Nancy DeMoss Wolgemuth: The Spirit can produce life and growth in places that would otherwise be barren—where nothing could live apart from the presence of God.
Leslie: This is Revive Our Hearts with Nancy DeMoss Wolgemuth, author of Brokenness, for March 21, 2019.
Today Nancy's going to tell us where we can turn in those barren seasons of our lives. She's in day two of a series called "Where the River Flows."
Nancy: We're looking over these few days at one of the most difficult passages in God's Word, but also one of the most rewarding. Sometimes we tend to skip over these passages because they can be so hard to grasp.
But I've had the joy, over a period of time, of digging into this passage over and over and over again—handling it, looking at it, meditating on it, coming back to it years later. The Word of God is so rich, and the Spirit of God lives in us to help us get God's truth.
So I have not plumbed the depths of this passage at all—I feel like I'm still really on the surface—but I want you to enjoy with me what God has been saying to my own heart as I've been studying here in Ezekiel chapter 47, the first twelve verses.
And we've said in the last session that this is a prophetic parable (or picture) of the progress, the advance, the spread of the gospel into the world . . . a picture of the presence or the work of God's Spirit moving throughout the world.
And it's not just in the world, but also in our own hearts and in our churches. It's a picture of this river that starts as a trickle, but it brings much life and growth and fruitfulness and healing. So we saw yesterday that the starting place, or the source, for this river is the temple—the altar of God, the place where God is present with His people.
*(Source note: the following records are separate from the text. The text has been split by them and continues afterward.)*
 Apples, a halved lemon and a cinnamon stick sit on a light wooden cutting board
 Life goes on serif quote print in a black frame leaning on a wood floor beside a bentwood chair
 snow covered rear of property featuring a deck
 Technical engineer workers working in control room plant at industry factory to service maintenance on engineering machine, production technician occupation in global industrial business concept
(I know some weren't here with us yesterday for the program. If you missed yesterday's program, you can go to ReviveOurHearts.com; you can listen to the audio, you can read the transcript.)
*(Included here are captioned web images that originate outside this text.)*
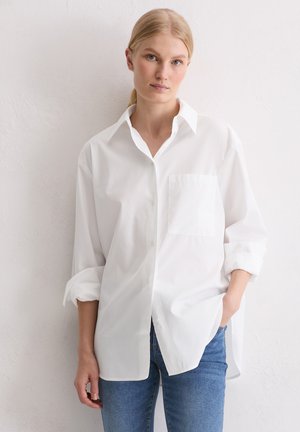 Biała koszula zapinana na guziki z klasycznym kołnierzykiem, długimi rękawami, pojedynczą kieszenią na piersi i luźnym krojem, zestawiona z jasnoniebieskimi dżinsami.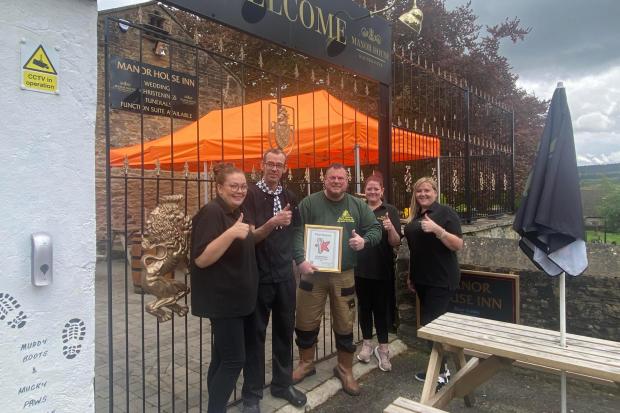 TEAM: Manor House staff celebrating 'recommendation' award from Restaurant Guru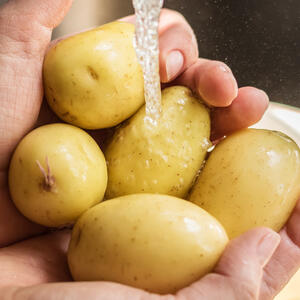 Prick potatoes all over with a fork.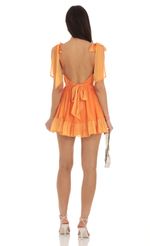 Picture Azarliah Ruffle Dress in Orange. Source: https://media.lucyinthesky.com/data/Sep23/150xAUTO/6dfe0dd1-009e-4e93-b7e5-3823c637510d.jpg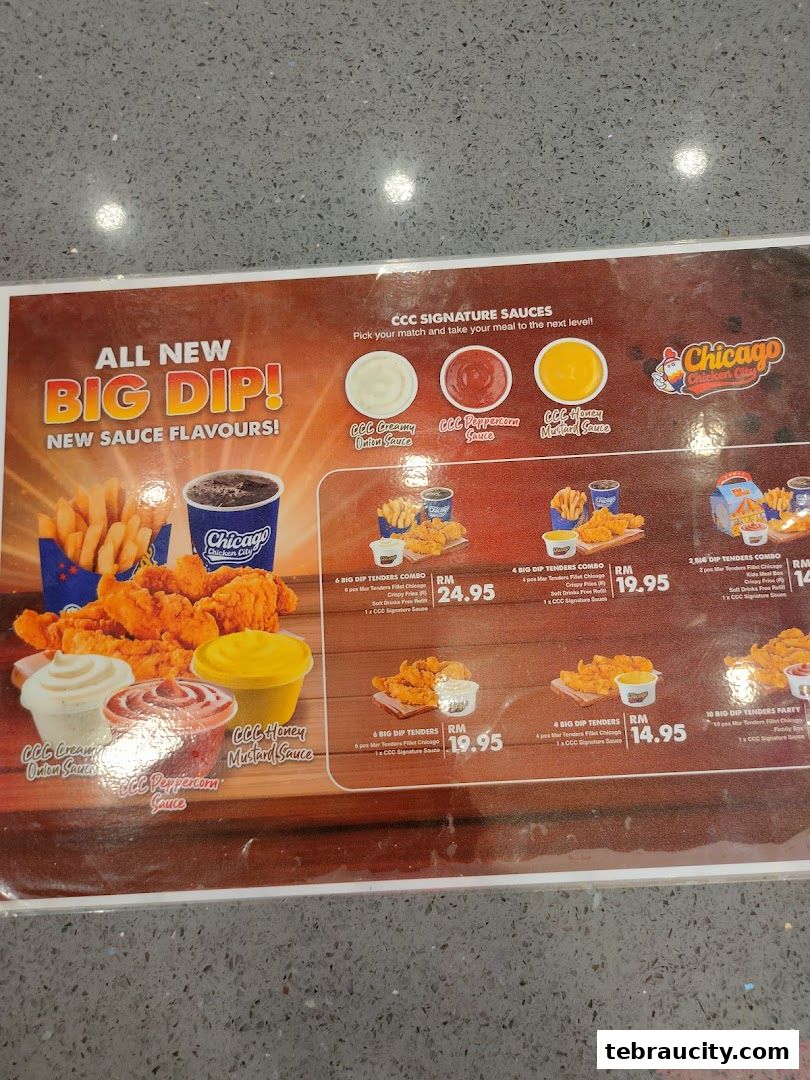 A menu board showcasing Chicago Chicken City's new Big Dip sauce flavors and tender combos.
Let me read these verses, Ezekiel 47:1–2:
Then he brought me back to the door of the temple; and there was water, flowing from under the threshold of the temple toward the east, for the front of the temple faced east; the water was flowing from under the right side of the temple, south of the altar. He brought me out by way of the north gate, and led me around on the outside to the outer gateway that faces east [this is going to be important!]; and there was water, running out on the right side.
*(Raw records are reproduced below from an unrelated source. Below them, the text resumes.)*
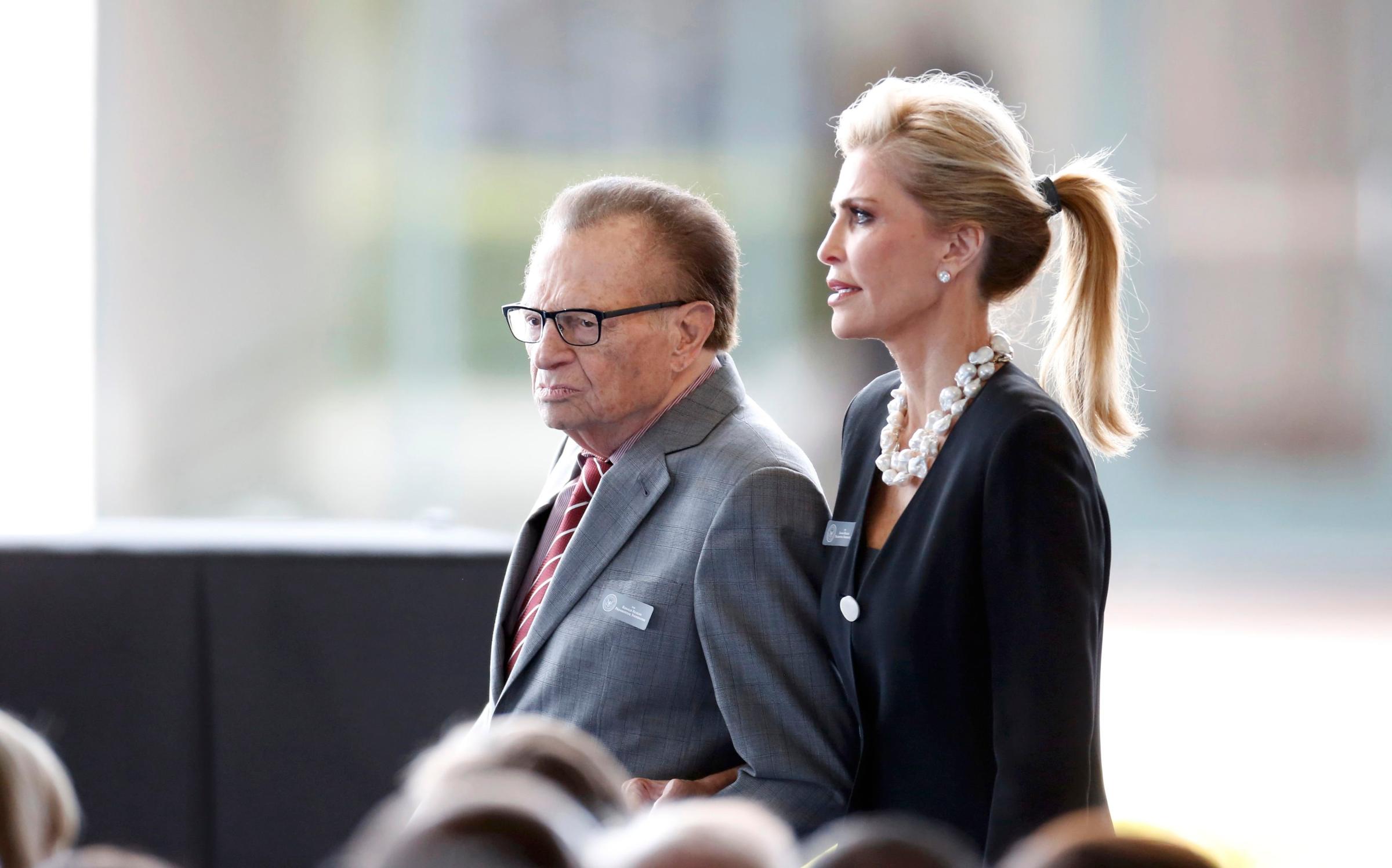 Television personality Larry King and his wife Shawn arrive for the funeral of Nancy Reagan at the Ronald Reagan Presidential Library in Simi Valley, California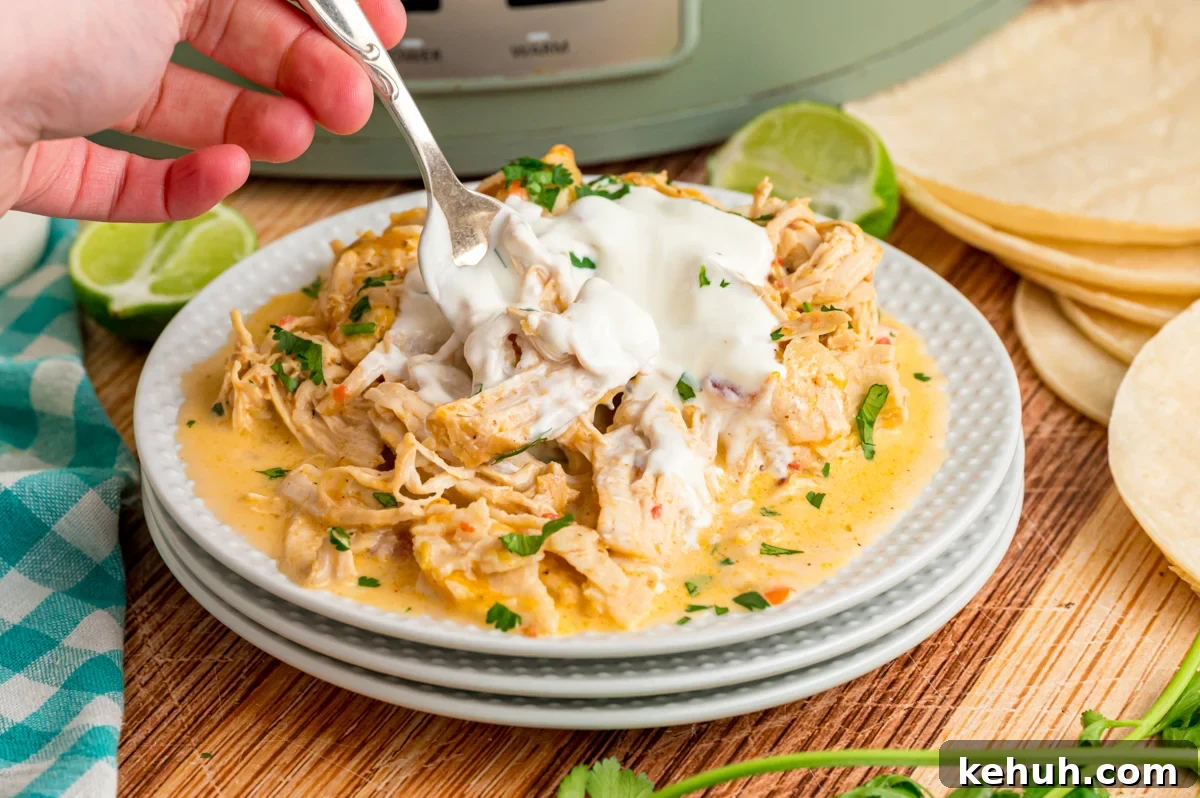 A hand holding a fork grabbing some chicken from to top of a stack of white plates.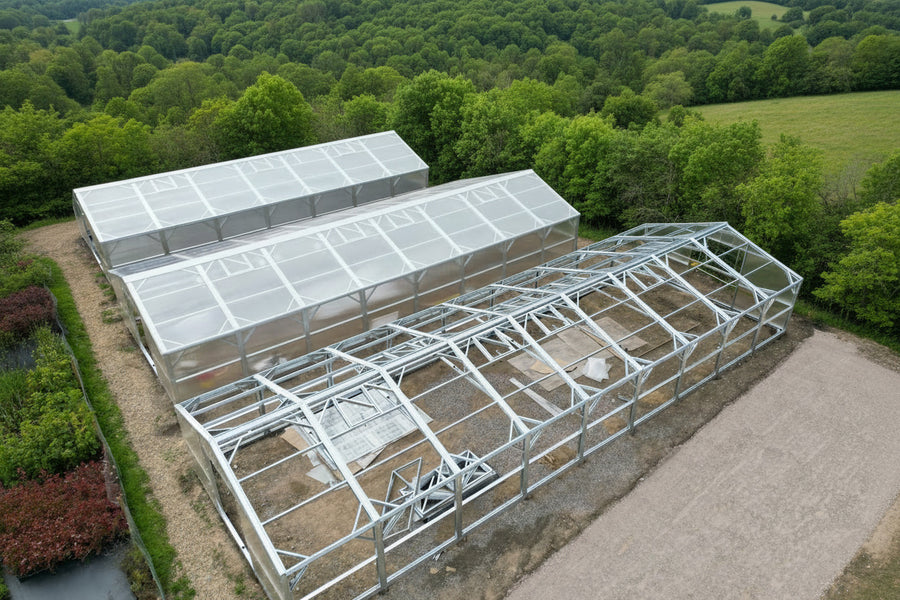 An aerial view shows two large greenhouse structures on a landscaped site. One greenhouse has a translucent white roof and a silver metal frame, while the other is mostly open with only a partial silver frame.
And so the water flows from underneath the threshold of the temple—the place where heaven meets earth, where God and sinners are reconciled, where the altar of sacrifice is. And it all points us to Christ, who is the New Testament temple. He is the door of the temple; He is the altar; He is the source. His sacrifice for sin is the reason we don't have to offer sacrifices for sin anymore. It's the reason we don't have to kill lambs and sheep and goats and bulls—because the sacrifice has been made, the price has been paid.
As Christ went to heaven and poured out the Spirit of God on the day of Pentecost, what began as a trickle (we'll see) now rises and progresses. This angelic messenger takes Ezekiel about a half-mile out, and the water is a few inches deep—up to the ankles.
And then he goes out another distance and the water is now knee-deep. And then, yet a bit further, and the water is up to his waist. And then they finally come, within a couple of miles, to a river that "I could not cross; for the water was too deep, water in which one must swim, a river that could not be crossed" (v. 5).
So the trickle begins; it increases in volume and depth to a brook, a stream, and finally, a raging river.
Then we see in verses 7–12 that this river becomes the source—the supply—for life, for growth . . . and not just for a little bit of life and growth, but a lot of life and growth. This passage speaks of abundance; it speaks of fullness; it speaks of prosperity, blessings that occur as the curse is being removed and God's Spirit is taking over.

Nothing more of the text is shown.